Naturally I'm assuming you're just trying to start a bunch of unrelated (i.e. not piped together) commands.
I like to use PTYs instead of pipes. For a bunch of processes where I only want to capture error messages I did this.
RNULL = open('/dev/null', 'r')
WNULL = open('/dev/null', 'w')
logfile = open("myprocess.log", "a", 1)
REALSTDERR = sys.stderr
sys.stderr = logfile
This next part was in a loop spawning about 30 processes.
sys.stderr = REALSTDERR
master, slave = pty.openpty()
self.subp = Popen(self.parsed, shell=False, stdin=RNULL, stdout=WNULL, stderr=slave)
sys.stderr = logfile
After this I had a select loop which collected any error messages and sent them to the single log file. Using PTYs meant that I never had to worry about partial lines getting mixed up because the line discipline provides simple framing.
There is no best for all possible circumstances.
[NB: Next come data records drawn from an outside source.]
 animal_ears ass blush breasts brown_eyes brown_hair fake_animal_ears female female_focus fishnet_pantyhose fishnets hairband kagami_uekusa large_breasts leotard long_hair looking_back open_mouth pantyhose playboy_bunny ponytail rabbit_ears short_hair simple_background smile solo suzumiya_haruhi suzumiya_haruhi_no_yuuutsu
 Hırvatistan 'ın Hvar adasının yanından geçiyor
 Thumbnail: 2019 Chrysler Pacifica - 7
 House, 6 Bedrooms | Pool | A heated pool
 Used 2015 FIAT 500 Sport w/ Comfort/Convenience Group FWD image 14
The best depends on the problem at hand.
Here's how to spawn a process and save its output to a file combining stdout/stderr:
import subprocess
import sys
def spawn(cmd, output_file):
on_posix = 'posix' in sys.builtin_module_names
return subprocess.Popen(cmd, close_fds=on_posix, bufsize=-1,
stdin=open(os.devnull,'rb'),
stdout=output_file,
stderr=subprocess.STDOUT)
To spawn multiple processes that can run in parallel with your script and each other:
processes, files = [], []
try:
for i, cmd in enumerate(commands):
files.append(open('out%d' % i, 'wb'))
processes.append(spawn(cmd, files[-1]))
finally:
for p in processes:
p.wait()
for f in files:
f.close()
Note: cmd is a list everywhere.
I suppose, I could just us subprocess.call or one of the Popen
commands and pipe the output to a file, which I believe will return
immediately, at least to the caller.
That's not a good way to do it if you want to process the data.
In this case, better do
sp = subprocess.Popen(['ls', '-l'], stdout=subprocess.PIPE)
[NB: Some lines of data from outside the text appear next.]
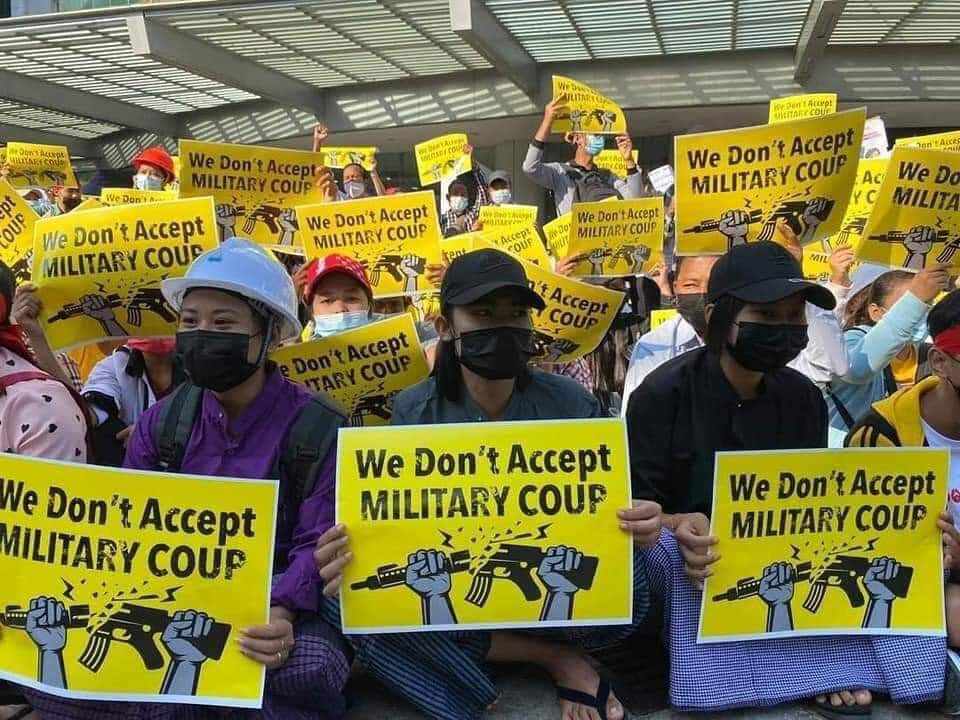 Charm33405512's tweet photo. The military junta continues to arrest senior government figures, despite ongoing protests. Protesters say they will continue until the junta ends.

STOP NIGHT ARRESTS
#Feb13Coup
#WhatsHappeningInMyanmar https://t.co/iBiBJDHj5x https://t.co/org6NwPKSa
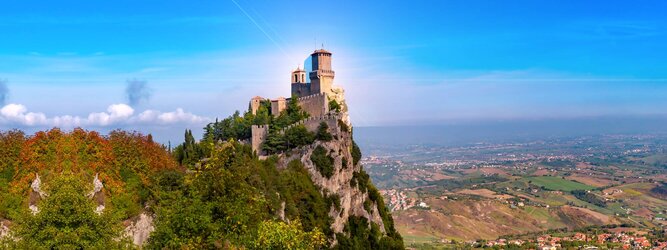 Trip Barcelona Urlaubsdestination - San Marino – Hol ihn dir – den heißbegehrten Einreise-Stempel von San Marino. Nimm deinen Reisepass, besuche die örtliche Tourismusbehörde, hier wird die kleine Trophäe in dein Reisedokument gestempelt, es sieht gut aus und ist eine supertolle Urlaubserinnerung. Dieses neue Trendy-Reiselust-Souvenir passt ausgezeichnet zu den anderen außergewöhnlichen Stempeln deiner vergangenen Reisen. San Marino ist ein sehr interessanter Zwergstaat, eine Enklave, vollständig von Italien umgeben, eine der ältesten bestehenden Republiken und eines der reichsten Länder der Welt. Die beliebtesten Orte für Ferien in San Marino, locken mit besten Angebote für Hotels und Ferienunterkünfte mit Werbeaktionen, Rabatten, Sonderangebote für San Marino Urlaub buchen.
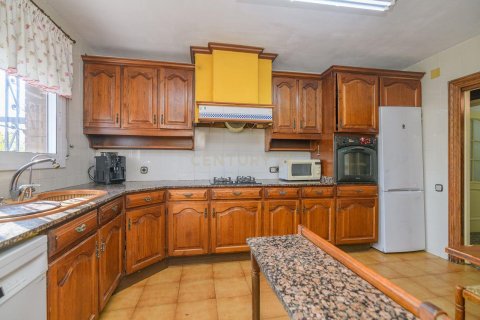 5 bedrooms house for sale in Sant Vicenc Dels Horts, Barcelona, Catalonia, Spain № 9051 - photo 14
and then sp.communicate() or read directly from sp.stdout.read().
If the data shall be processed in the calling program at a later time, there are two ways to go:
You can retrieve the data ASAP, maybe via a separate thread, reading them and storing them somewhere where the consumer can get them.
You can have the producing subprocess have block and retrieve the data from it when you need them. The subprocess produces as many data as fit in the pipe buffer (usually 64 kiB) and then blocks on further writes. As soon as you need the data, you read() from the subprocess object's stdout (maybe stderr as well) and use them - or, again, you use sp.communicate() at that later time.
Way 1 would the way to go if producing the data needs much time, so that your wprogram would have to wait.
Way 2 would be to be preferred if the size of the data is quite huge and/or the data is produced so fast that buffering would make no sense.
See an older answer of mine including code snippets to do:
Uses processes not threads for blocking I/O because they can more reliably be p.terminated()
Implements a retriggerable timeout watchdog that restarts counting whenever some output happens
Implements a long-term timeout watchdog to limit overall runtime
Can feed in stdin (although I only need to feed in one-time short strings)
Can capture stdout/stderr in the usual Popen means (Only stdout is coded, and stderr redirected to stdout; but can easily be separated)
It's almost realtime because it only checks every 0.2 seconds for output. But you could decrease this or remove the waiting interval easily
Lots of debugging printouts still enabled to see whats happening when.
For spawning multiple concurrent commands, you would need to alter the class RunCmd to instantiate mutliple read output/write input queues and to spawn mutliple Popen subprocesses.